Despite Israel's withdrawal of settlements and bases in 2005, the Gaza Strip remains occupied, both effectively and legally - and is recognised as such by the UN. Israel is in control of Gaza and has blockaded the strip since Hamas took over in 2006-2007, preventing the movement of people, materials and food supplies in and out of the territory - even calculating the 2279 calories per person that would keep Gazans on an exemplary ''diet''. It still invades the strip at will.
So Gazans are an occupied people and have the right to resist, including by armed force (though not to target civilians), while Israel is an occupying power that has an obligation to withdraw - not a right to defend territories it controls or is colonising by dint of military power.
Even if Israel had genuinely ended its occupation in 2005, Gaza's people are Palestinians and their territory part of the 22 per cent of historic Palestine earmarked for a Palestinian state that depends on Israeli withdrawal from the occupied West Bank and east Jerusalem. Across their land, Palestinians have the right to defend and arm themselves, whether they want it or not.
But instead the US, Britain and other European powers finance, arm and back Israel's occupation precisely to prevent Palestinians obtaining the arms that would allow them to protect themselves against Israeli military might.

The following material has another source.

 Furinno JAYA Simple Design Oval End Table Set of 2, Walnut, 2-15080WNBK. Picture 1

It's not rockets but unconditional US and western support that gives Israel impunity for not lifting the blockade, dismantling its illegal settlements or withdrawing from the West Bank and Gaza.
Whatever the Israeli government's motivations for winding up the past week's conflict, it seems to have backfired. For the first time since the start of the Arab uprisings, the cause of Palestine is again centre stage.

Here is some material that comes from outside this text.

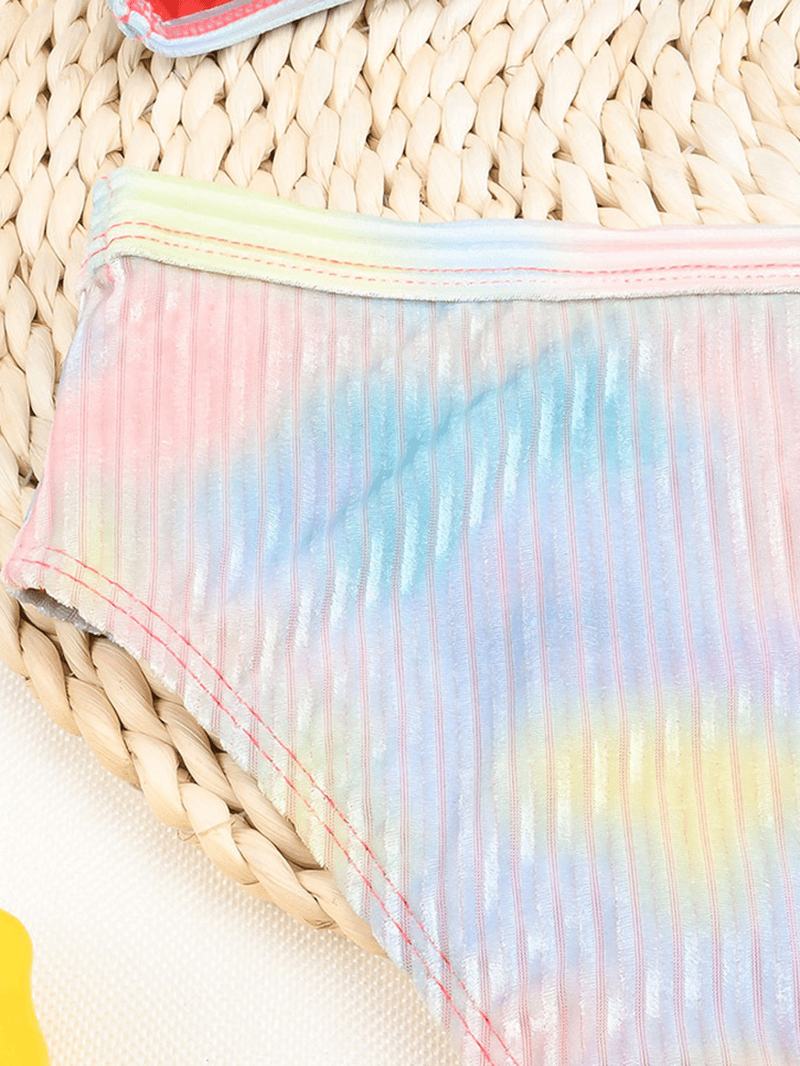 Tie Dye Drukowanie Prążkowane Bezprzewodowe Bikini Bandeau Z Wysokim Stanem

Emboldened by the wave of change and growing support across the region, Hamas has also regained credibility as a resistance force, which had faded since 2009. The deployment of longer-range rockets that have been shown to reach Tel Aviv and Jerusalem has also begun to shift what has been a massively one-sided balance of deterrence.
The truce being negotiated on Tuesday would reportedly enforce Hamas responsibility for policing the strip and break the blockade, opening the Rafah crossing with Egypt. It doesn't, however, look like the long-term security deal with Hamas Israel was looking for, which would risk deepening the disastrous Palestinian split between Gaza and the West Bank.
Whatever is finally agreed won't end Israel's occupation/colonisation of Palestine or halt its war of dispossession against the Palestinian people. That demands pressure on Western powers that underwrite it to change course. But most of all, it needs a change in the balance of power on the ground.